Another gift to be found in the Dark Wood was widely recognized by the ancients, but is perhaps the least understood in modern times. The purpose of ancient myths and stories was not to teach us history or science, but to help map out the “world within the world”–the invisible geography that humanity may use to avoid life’s dead ends and lead it to a place of fullness and freedom. Because the geography is not visible to the naked eye, traversing it is always a bit like journeying into the darkness. Yet just as dark colors placed next to bright ones make the brightness more pronounced, so our journey through the Dark Wood need not be a depressing one. In fact, it may be downright electrifying.
In every mythology in the ancient Near East, the elements of lightning and thunder are depicted regularly, and in similar fashion: as instruments for conveying the voice of the highest deity. The imagery is the same whether one is examining the monotheistic, Yahweh-worshiping culture of ancient Israel or the polytheistic, Marduk-worshiping culture of Mesopotamia.
It is the same for Zeus among the Greeks (That’s not a football in his hand),
Tahundi and Ivriz among the Anatolian cultures,
and Baal among the Canaanites. (His wooden lightning bolt and thunder clapper are long gone.)
In their artistic representations as well as their literature, each of these cultures envisions their most high (or only) deity speaking to us most centrally through lightning and thunder.
Here is one of many examples from the Hebrew scriptures (Job 37:1-5):
At this my heart pounds and leaps from its place. Listen! Listen to the roar of God’s voice, to the rumbling that comes from God’s mouth. God unleashes God’s lightning beneath the whole heaven and sends it to the ends of the earth. After that comes the sound of God’s roar; God thunders with God’s majestic voice. When God’s voice resounds, God holds nothing back. God’s voice thunders in marvelous ways; God does great things beyond our understanding.

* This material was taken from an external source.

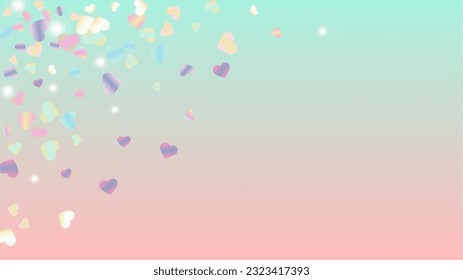 Glamour Background with Confetti of Glitter Particles. St. Valentine Day. Disco pattern. Light Spots. Explosion of Confetti. Glitter Vector Illustration. Design for Template.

Why are thunder and lightning so commonly depicted as conveying the voice of the divine? The conventional assumption has long been that “primitive” cultures invented such myths to explain the origin of thunder and lightning. This assumption is more the product of modern scientific imagination than mythological imagination. The purpose was not to explain where lightning and thunder come from, but to explain where the voice of God comes from, and more importantly, how it comes to us.
Have you ever experienced a sudden flash of insight or awareness that rocked your whole world? Why do we describe these moments as “sudden flashes” where there is nothing to see? Why do we claim they “rock” our world when the actual world around us remains stable? Like the ancients we, too, are forced to convey interior phenomena using concrete, external metaphors. What the ancients were trying to tell us, which we moderns are to “sophisticated” to realize, is how the deity’s voice is conveyed to us. When the ancients spoke of the deity flashing lightning and chasing it with claps of thunder, they meant that the voice of the divine often comes through momentary flashes of intuition or awareness that trigger sensations to well up within us like rolling thunder.
What are the moments in your life when “the light bulb came on,” or you had an “ah-ha” moment or a “moment of clarity” that impacted your life’s direction in some way?
While many can find a handful of times when they’ve experienced flashes of insight, most of us find the thunder easier to locate. The same is true in an actual storm: we may miss the lightning entirely, as it’s brief, soundless, and often comes from a distant place, but even quiet thunder is hard to miss. Inwardly, even if we overlook the inner realization that triggers them, we sense the ongoing reverberations caused by the lightning, sometimes for years. I cannot remember the specific moment when I first realized that I wanted to marry my wife, for instance, but the reverberations have continued to thunder for twenty-three years and counting.
Nearly every religion and culture on the planet has its way of stating that one of the best ways to hear the voice of the divine is to pay attention to the “lightning and thunder.” In the Dark Wood of our interior journey, when the lightning flashes and thunder reverberates powerfully and repeatedly in the same location, it is a good sign that we are to move in the direction it indicates. We feel drawn to move in this direction because it calls to our deepest self and feels most natural.